Introduction

The last 20 years have seen several shifts in emphasis and priorities in the area of research data management (RDM) and sharing. Research funder policies have developed and strengthened over the years from vague aspirations to enforceable requirements with compliance and monitoring activities. In particular there has been a shift in the rhetoric from focusing on RDM (notably through data management plans) to including data sharing and access. If such analyses were extended, recent policies would be shown to require data to be not only managed and open (where possible), but also FAIR (findable, accessible, interoperable and reusable).

Little in the research data field has gained such traction and universal acceptance as the FAIR data principles, conceived at the Lorentz conference in January 2014 and then consulted on and first published under FORCE11. While interpretations of what it means to be FAIR or how FAIR an object is vary, nobody disagrees with what the principles assert. FAIR effectively packages ideas that have a long history in the OECD principles and G8 Science Ministers statement, bringing these elements together in a concise and clear way, under an appealing acronym. It can open conversations with researchers and funders in ways that dull old data management never did.

RDM, FAIR and open are three overlapping but distinct concepts. Each brings a different emphasis and strength, and there is much scope for enrichment if they are applied collectively. RDM is the bedrock: if data have not been properly created and managed during the early stages of research, it will be very difficult to make them FAIR or open. The data ownership, documentation, formats and standards used will all affect the ability to share effectively, and these choices are often defined a long time before final outputs are made available.

Data management enables FAIR and open sharing, while the principles of FAIR and open can act as inspiration to engage researchers in effective data management (see Figure 1).
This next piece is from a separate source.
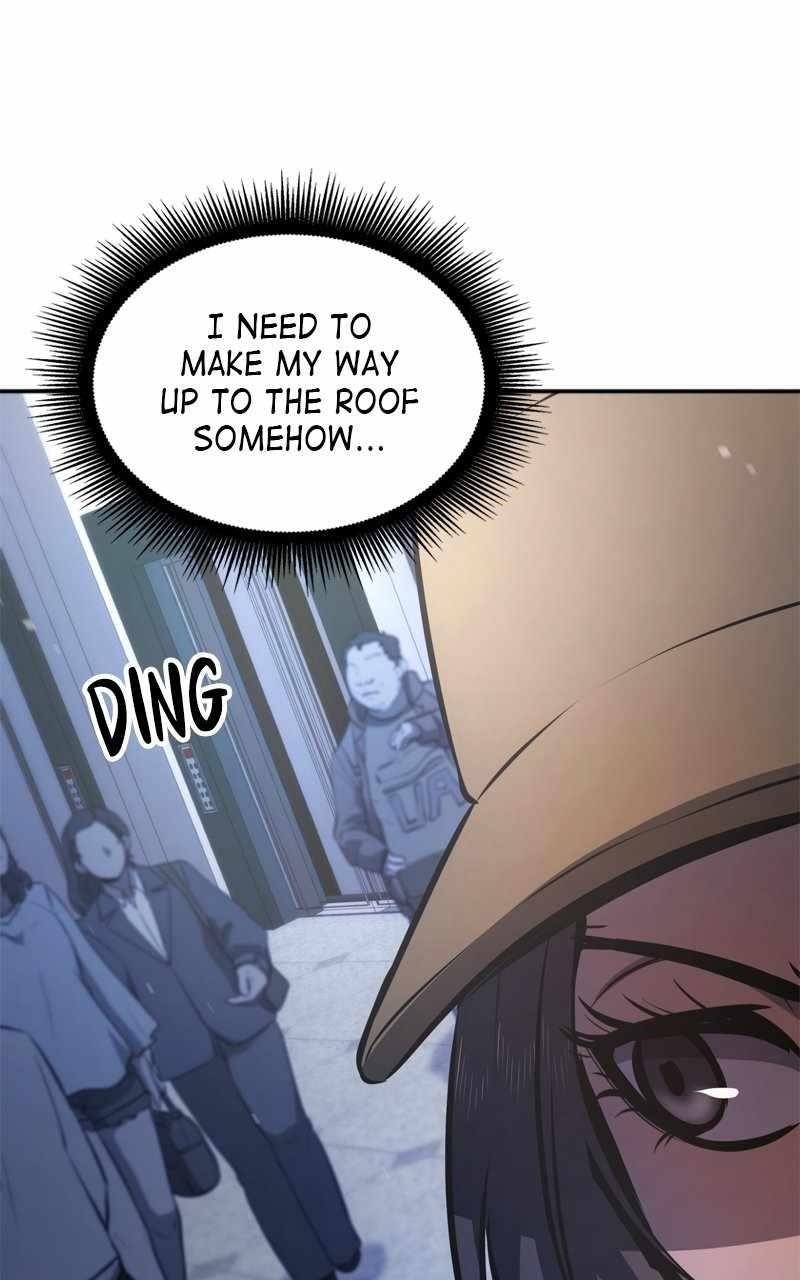 Assassin’s Creed: Forgotten Temple Chapter 45 - Page 46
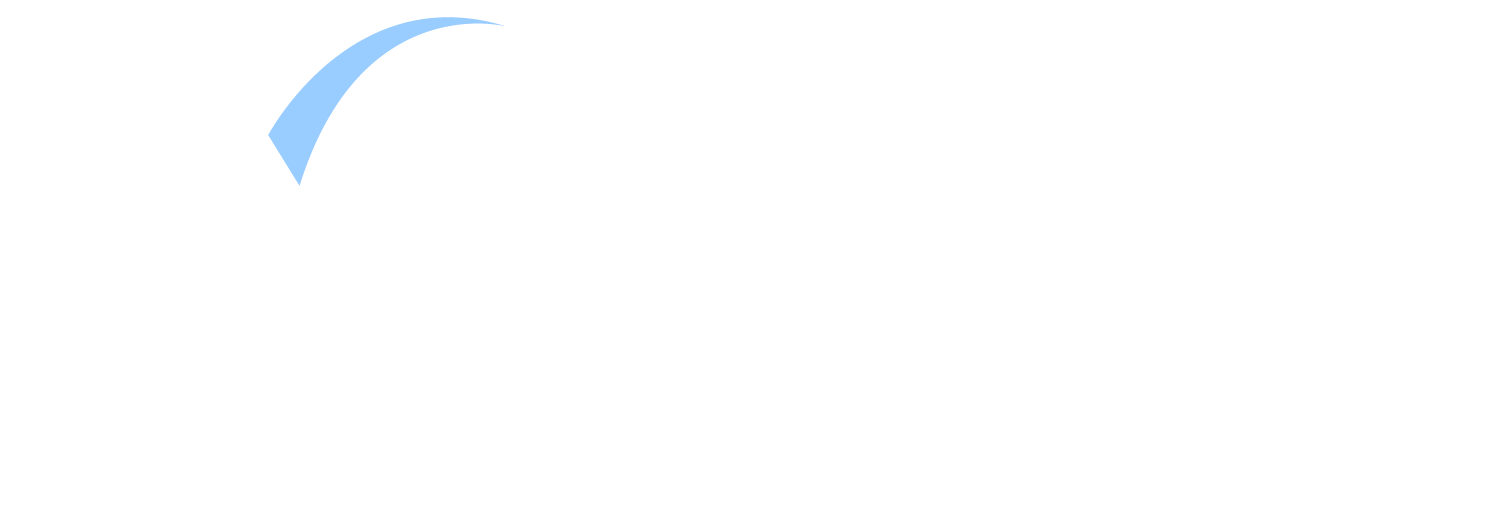 Executive Assessment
Researchers often want to be FAIR, and sometimes open; they are noble aspirations. Data management in contrast is akin to the ugly duckling – it is seen as menial grunt work that people know they should do but do not particularly want to engage in. By using the more appealing language of FAIR and open, we can engage people in data management too.

Figure 1 

The virtuous circle of RDM, FAIR and open

RDM, FAIR and open

As concepts like FAIR are introduced, there is a need to address the relationship between it and other established ideas. Providing greater clarity around the intersections of RDM, FAIR and open can help to realize where alignment exists and identify gaps in awareness and support. This section will briefly review each of the three concepts and propose ways of understanding how they intersect.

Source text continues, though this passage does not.